- Directed by: Robert McKimson
- Story by: Warren Foster
- Starring: Mel Blanc
- Music by: Eugene Poddany, Milt Franklyn
- Animation by: Charles McKimson Rod Scribner Phil DeLara Emery Hawkins
- Layouts by: Cornett Wood
- Backgrounds by: Richard H. Thomas
- Color process: Technicolor
- Production company: Warner Bros. Cartoons
- Distributed by: Warner Bros. Pictures
- Release date: July 28, 1951;
- Running time: 7:12
- Language: English

= Leghorn Swoggled =

Leghorn Swoggled is a 1951 Warner Bros. Merrie Melodies cartoon directed by Robert McKimson and written by Warren Foster. The cartoon was released on July 28, 1951, and features Foghorn Leghorn, Henery Hawk and the Barnyard Dawg. The cartoon's plot is similar to Henhouse Henery (1949) and The Leghorn Blows at Midnight (1950). The title is a humorous portmanteau of Leghorn (Foghorn's last name and a reference to the chicken breed of the same name) and the word "hornswoggle", meaning to lie and deceive.

==Plot==
Barnyard Dawg invites Foghorn to see a total eclipse for free.

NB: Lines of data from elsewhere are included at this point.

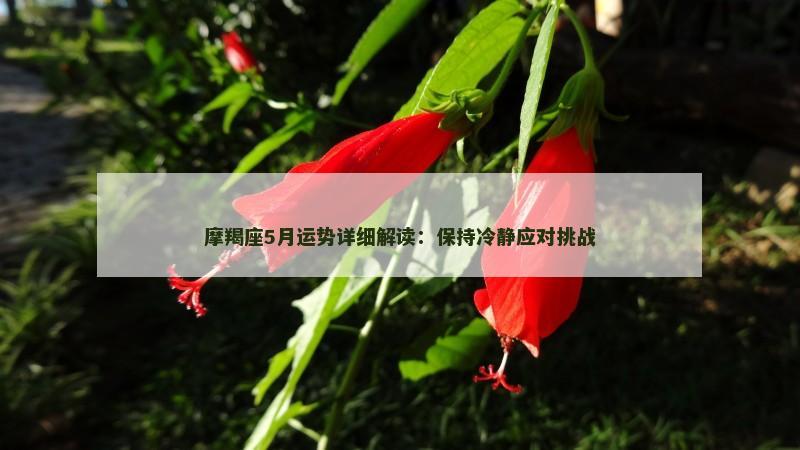 摩羯座5月运势详细解读:保持冷静应对挑战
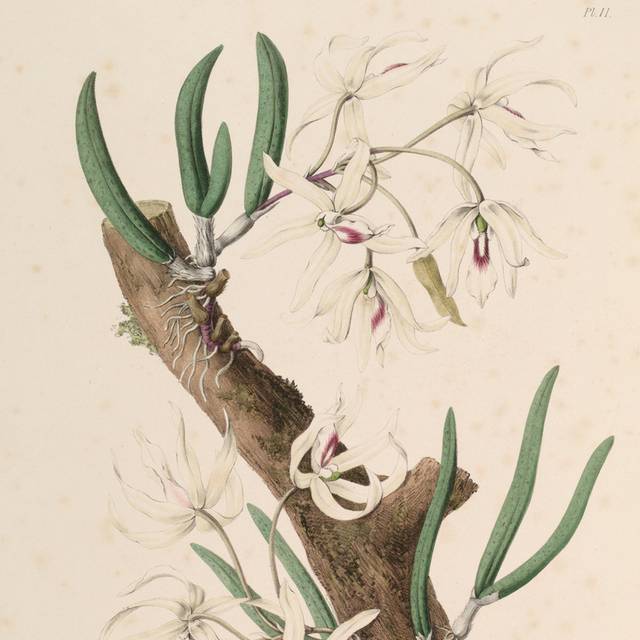 复古白花绿叶装饰画6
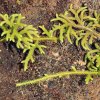 Staghorn clubmoss (Lycopodiella cernua)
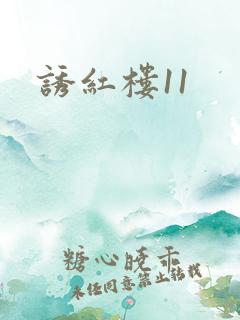 诱红楼11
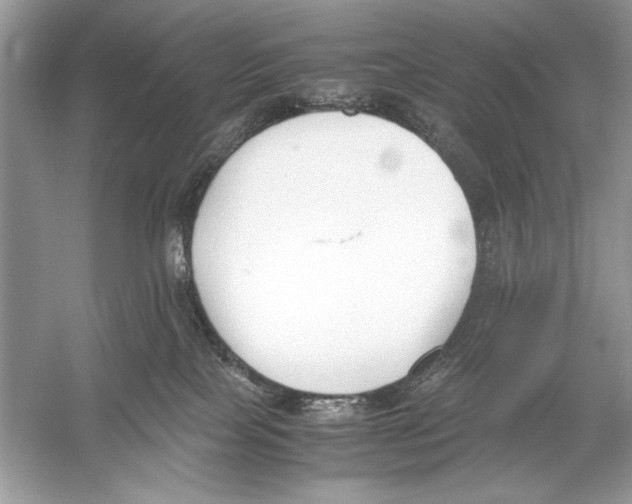 X0000051910089200507222119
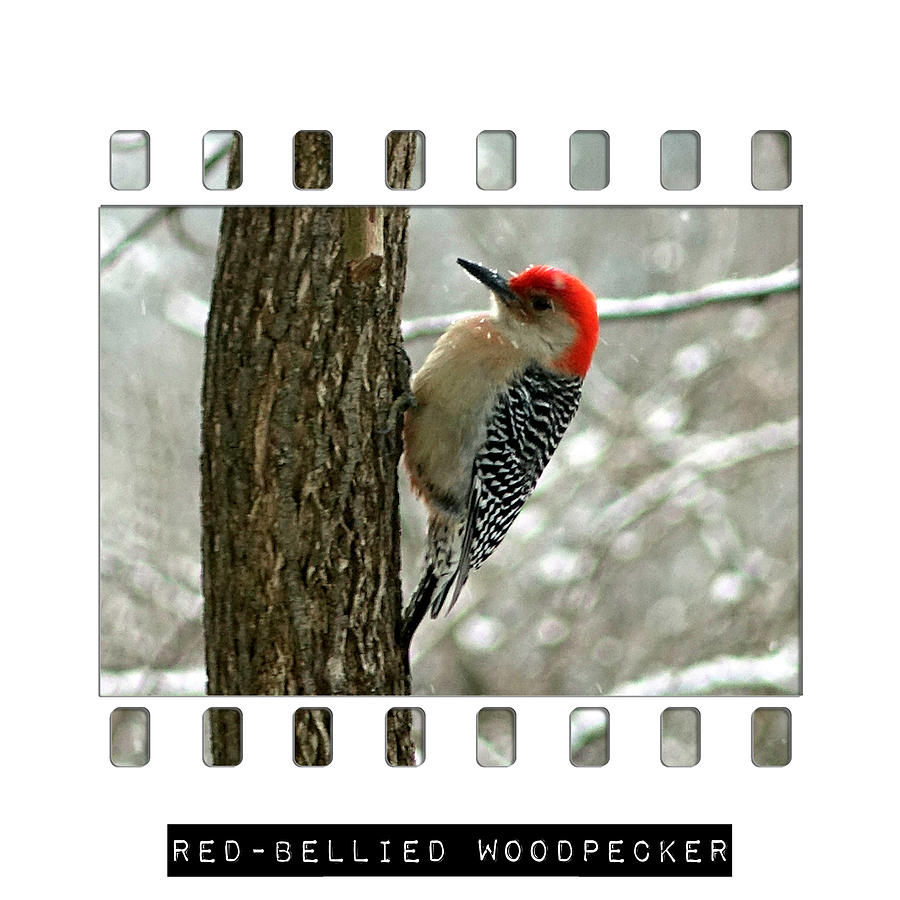 Red-bellied Woodpecker Photograph by Denise Beverly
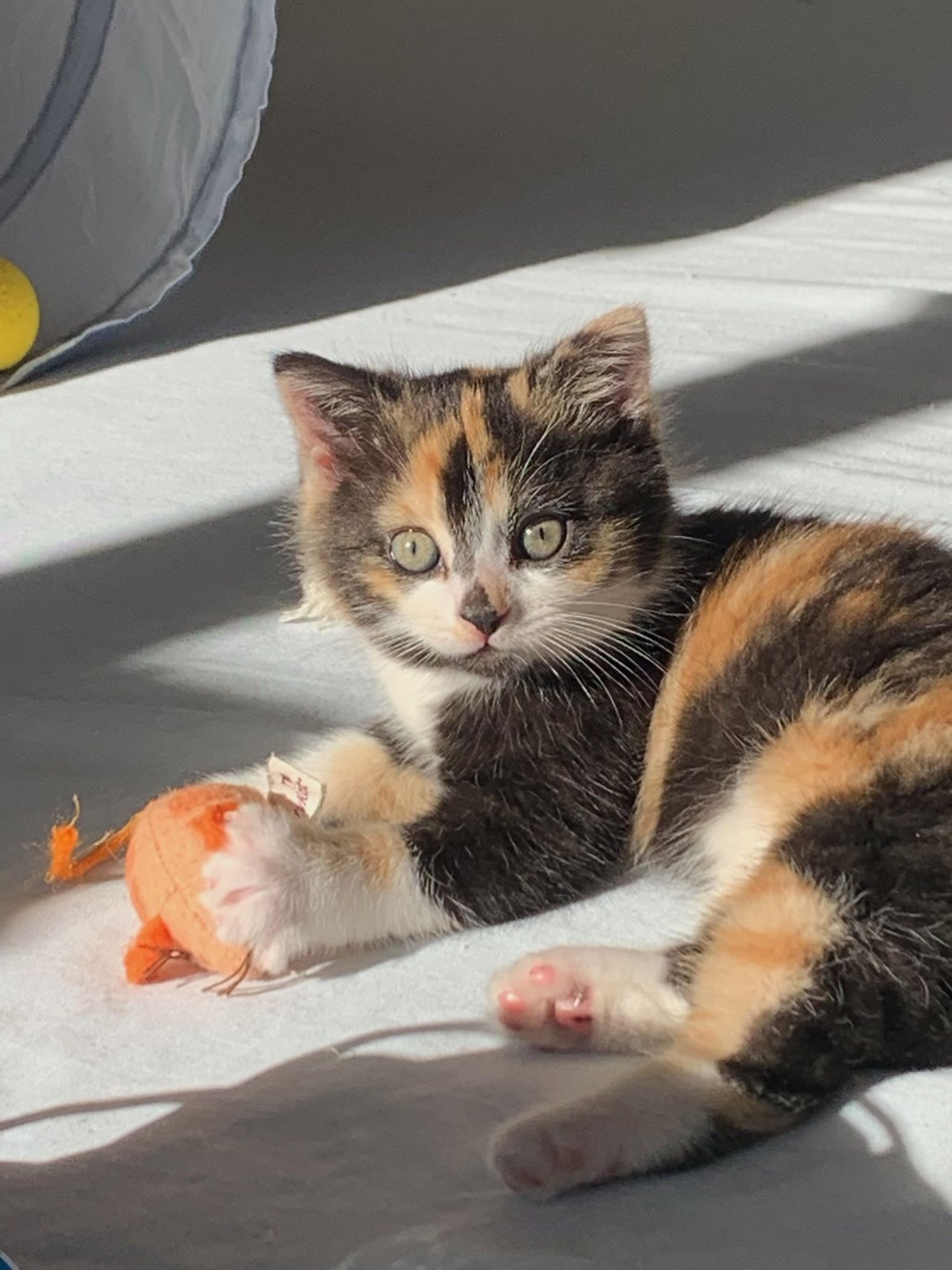 MIRIAM - Calico / Domestic Short Hair available for adoption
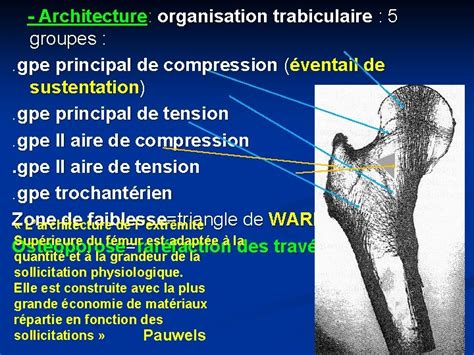 Fractures De Lextremite Superieure Du Femur Dr Kassouri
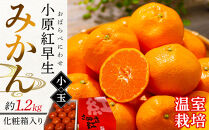 【6月中旬頃～発送】温室栽培&nbsp;小原紅早生みかん(小玉)&nbsp;約1.2kg&nbsp;化粧箱入り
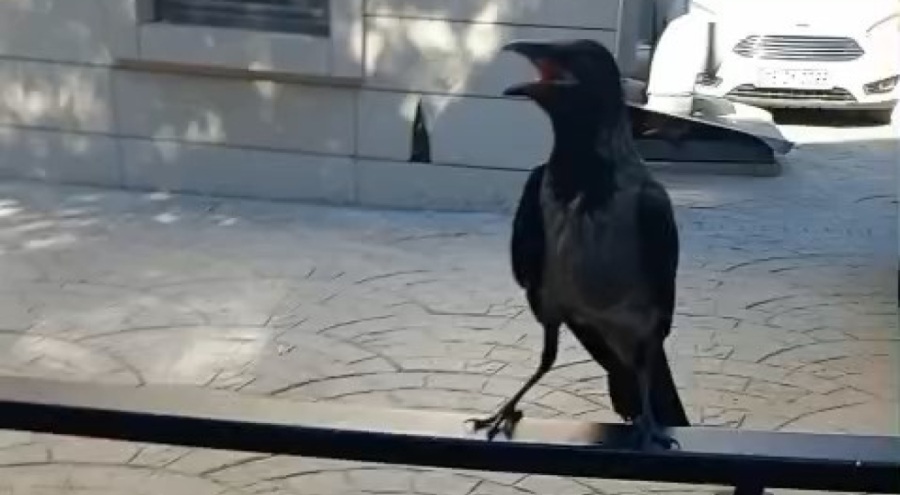 Yaralı kargayı Bursalı esnaf kurtardı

Foghorn takes the bait, placing his head through a hole in a fence and Dawg smashes a pumpkin over Foghorn's head. To get revenge, Foghorn sets up a prank by dousing water over Dawg, luring him around a tree, and then punching the Dawg with a trick camera.

Henery Hawk is walking on the top of a fence with a rope, and when he sees Foghorn he lassos him around the neck. In response, Foghorn chases Henery away. Dejected, Henery encounters the Dawg, who promises to help him catch Foghorn in exchange for a bone. As he looks for one he also is prompted to get a fish for a cat and some cheese for a mouse.

Foghorn sees Henery attempting to retrieve the cheese and runs over to stop him. Foghorn warns Henery that there is a "right way and a wrong way" to handling the mouse trap, which then snaps on Foghorn. Henery meanwhile is at a pond trying to catch a fish. Foghorn then turns his attention to Henery, who based on advice from the cat is digging for a bone. Henery takes the bone and places it in a wagon along with the fish and the piece of cheese. In between assisting Henery, Foghorn pulls various pranks on Dawg. After that Henery gives the items he collected to their respective collectors.

Seeing this, Foghorn asks Henery why he did not receive a present. Dawg then knocks Foghorn out cold with the bone after Foghorn demands he get something and wants it "right now", and presents him to Henery. Henery then rides the same model train that Foghorn used earlier, carrying the unconscious Foghorn behind him, and delivers the final punchline in Foghorn Leghorn style: "I may be little, I say, I may be little, but I sure caught me a big chicken!"

==Home media==
This short is available on the Looney Tunes Collector's Choice: Volume 4 Blu-ray.